ROMA – “Il mondo sta uccidendo i venezuelani. Da un lato è l’indifferenza, dall’altra sono le aziende straniere che sfruttano le risorse minerarie, a scapito della popolazione.
Decine di cittadini ogni giorno ci chiedono aiuto tramite i social network, ma noi siamo una piccola onlus e da soli non ce la facciamo. Chiediamo al governo italiano, alle organizzazioni umanitarie e ai privati di intervenire“.
E’ lo sfogo affidato all’Agenzia DIRE da Ingrid Dussi, segretaria generale dell’associazione latinoamericana in Italia ‘Ali per il Venezuela ’.
La sua onlus, composta da 130 volontari sparsi in 25 città, dal 2013 è passata dall’organizzare attività culturali all’invio di medicinali, doventando uno dei principali punti di riferimento dell’emergenza nel Paese afflitto da una drammatica crisi economica.
“La gente non sa cosa mangiare” prosegue Dussi. “Anche i più facoltosi da mesi hanno i frigoriferi vuoti e si lavano i capelli con il bicarbonato, mentre ci sono bambini piccoli che non hanno mai assaggiato il latte vaccino.

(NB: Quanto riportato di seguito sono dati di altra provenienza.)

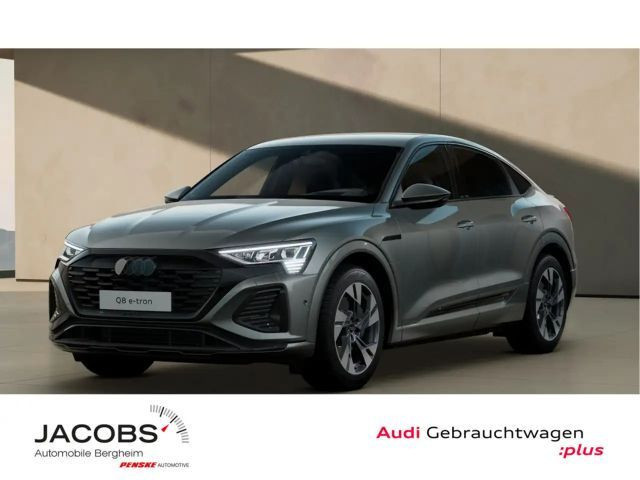 Audi Q8 e-tron Sportback S-Line 55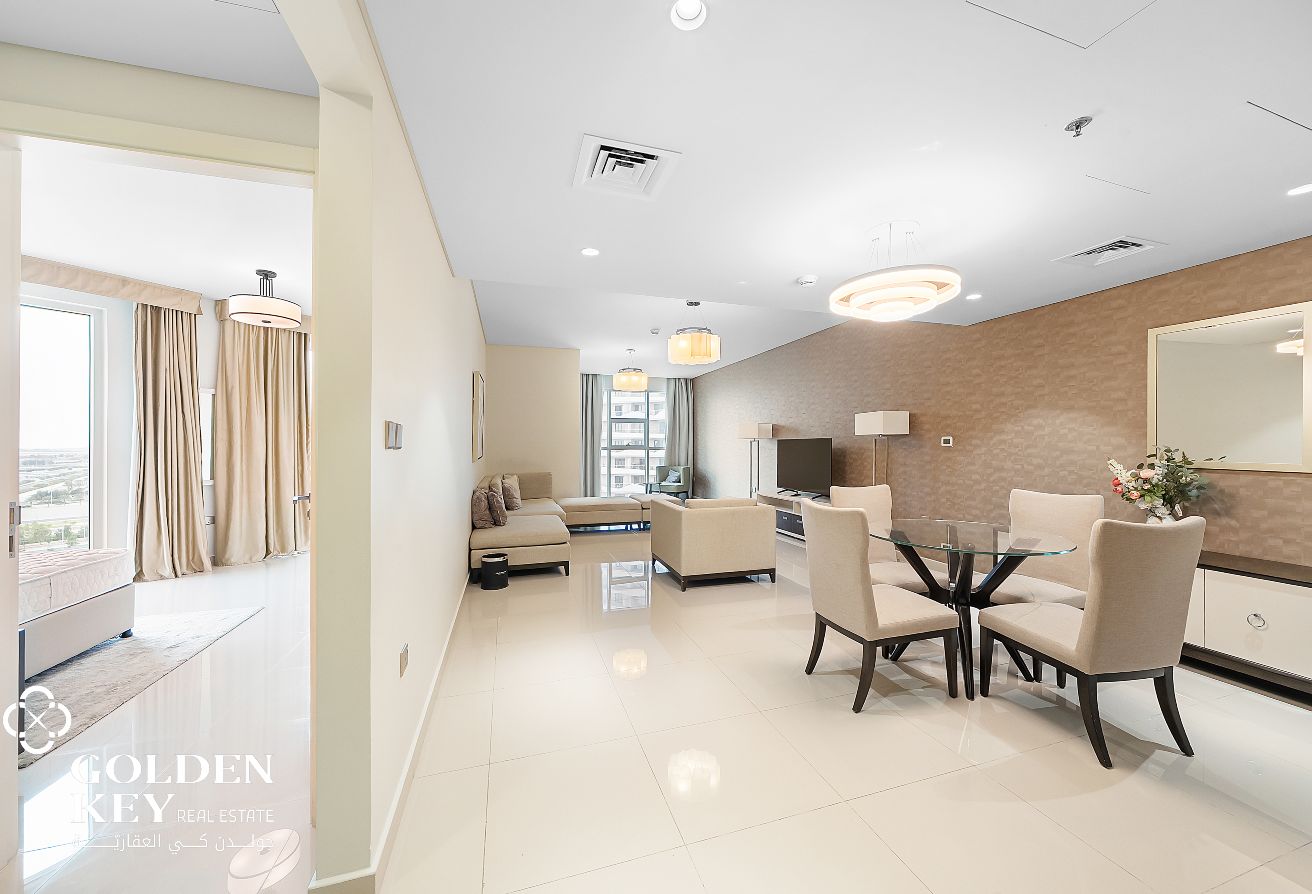 Bills Included | Ready 2 Bedroom | Lusail Marina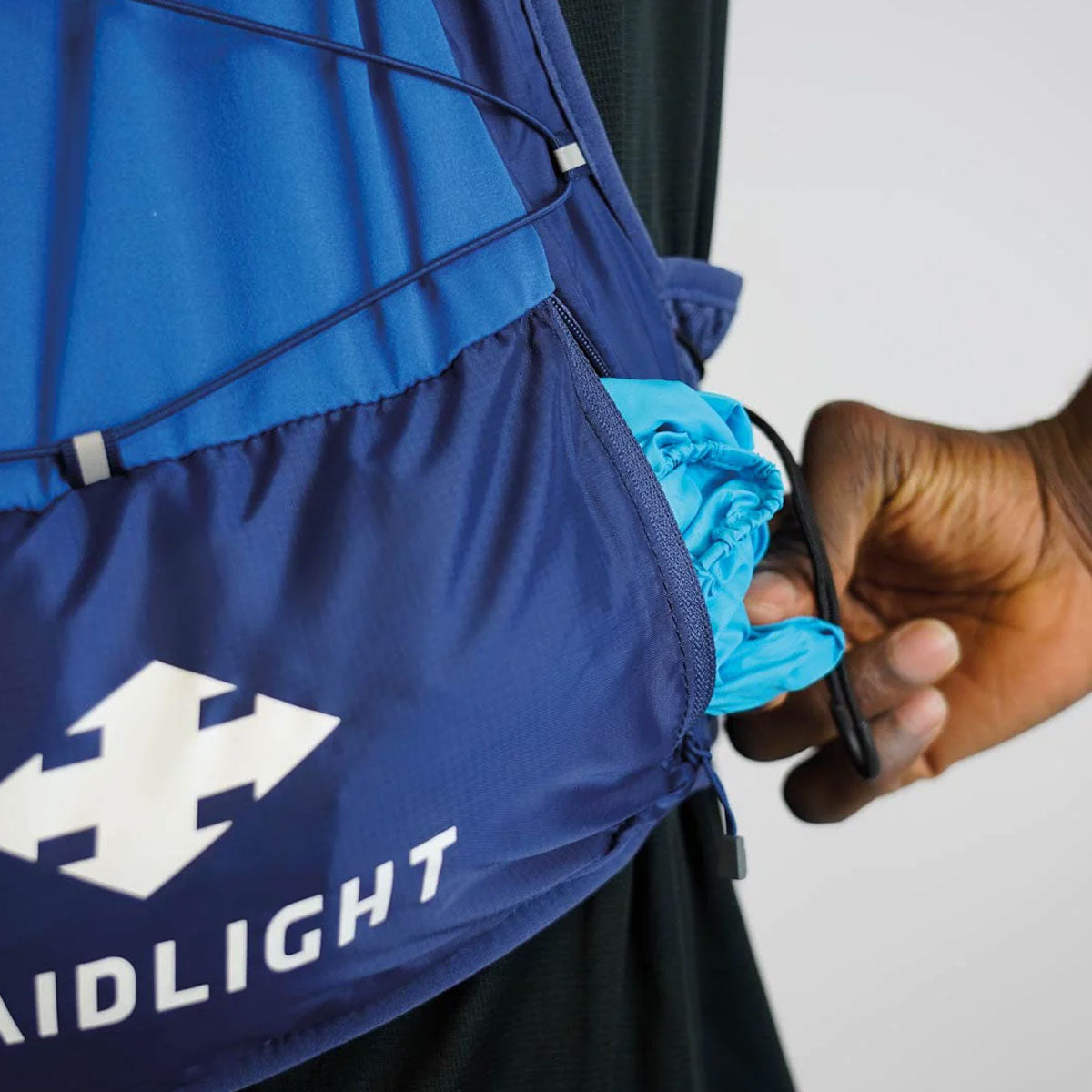 MOCHILA DE HIDRATACIÓN ACTIV TRAIL 6 L . RAIDLIGHT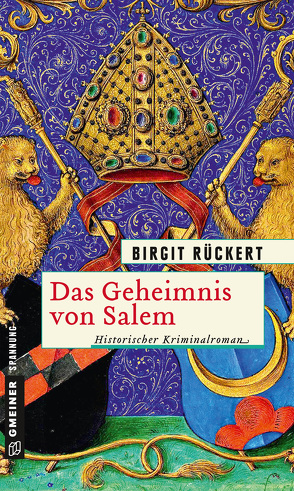 Das Geheimnis von Salem von Rückert,  Birgit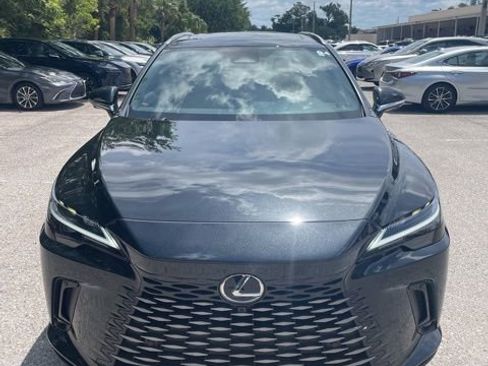 Used 2025 Lexus RX 350 Premium w/ Accessory Package (Z1) FWD image 6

La situazione peggiora, lo dimostra il fatto che nell’ultimo periodo siamo sommersi di e-mail e messaggi sulla nostra pagina Facebook: c’è chi chiede cibo e medicine, e chi vuole lasciare il Paese ma non ci riesce”.
La segretaria di Ali per il Venezuela denuncia infatti un problema ulteriore: quello degli oltre 100mila venezuelani che hanno anche la nazionalità italiana ma non riescono a tornare in Italia.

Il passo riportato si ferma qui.